Sky-watchers will be burning the midnight oil as one of the year's most spectacular meteor showers reaches its fiery peak.

At their height, the Geminids could produce between 50 and 100 shooting stars every hour on Sunday night.

They might be glowing in multiple colours and include occasional rapid bursts of two or three.

Sydney Observatory's astronomy curator Andrew Jacob says the meteors will be most visible between 11pm and 1am in eastern Australian skies, but should be visible throughout the night.

Robin Scagell, vice-president of the British Society for Popular Astronomy, says it should be a good display around the world, weather permitting.

"The constellation is very high in the sky and most of the Moon will have gone away. An average of one comet a minute would be a good rate, and that's possible. You might also get little bursts of activity with two or three together."

Meteor showers occur when the Earth ploughs through clouds of cometary dust.
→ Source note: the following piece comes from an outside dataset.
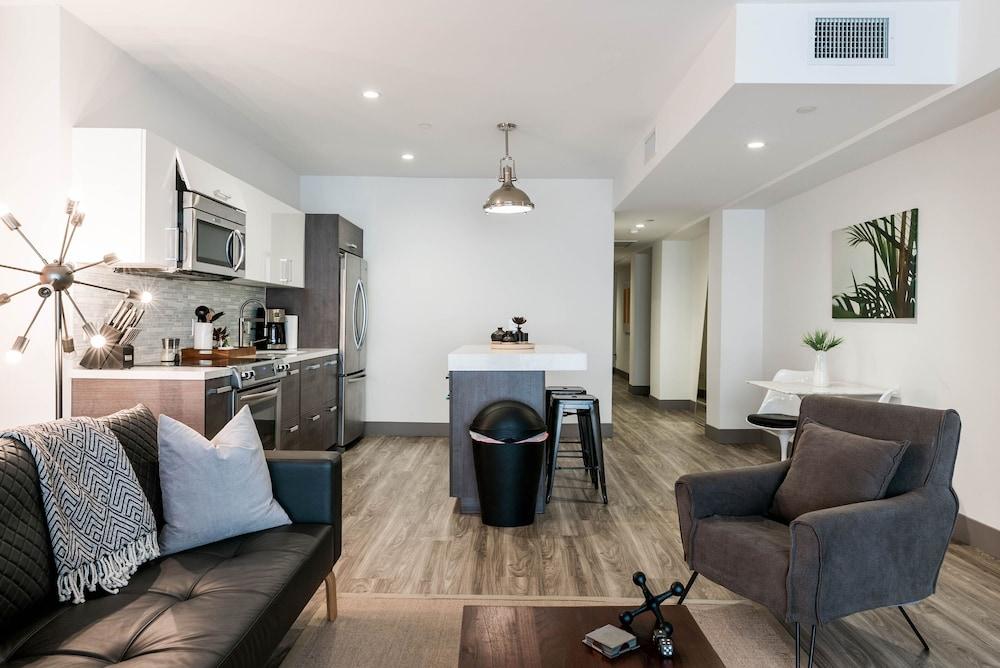 Abode Los Angeles - Downtown South Park photo 37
The tiny particles, some no bigger than a grain of sand, burn up brightly as they enter the atmosphere.

The Geminids are unusual in that they are not shed by a classic icy comet but a body that shares characteristics of both comets and asteroids.

Known as 3200 Phaethon, the almost five-kilometre-wide object was discovered in 1983 by two British scientists examining Nasa satellite images and initially classified as an asteroid.

But it has an eccentric orbit that looks more like that of a comet than an asteroid and brings it well inside the orbit of Mercury, the closest planet to the Sun, every 1.4 years.

Nasa describes it as a "rock comet".

Traditionally asteroids are made of rock and comets mostly of ice.

The Geminid meteor shower itself was first noted in the 1860s.

Over time, it has become more intense, with up to 20 comets per hour reported in the 1920s, rising to 50 in the 1930s, 60 in the 1940s and 80 in the 1970s.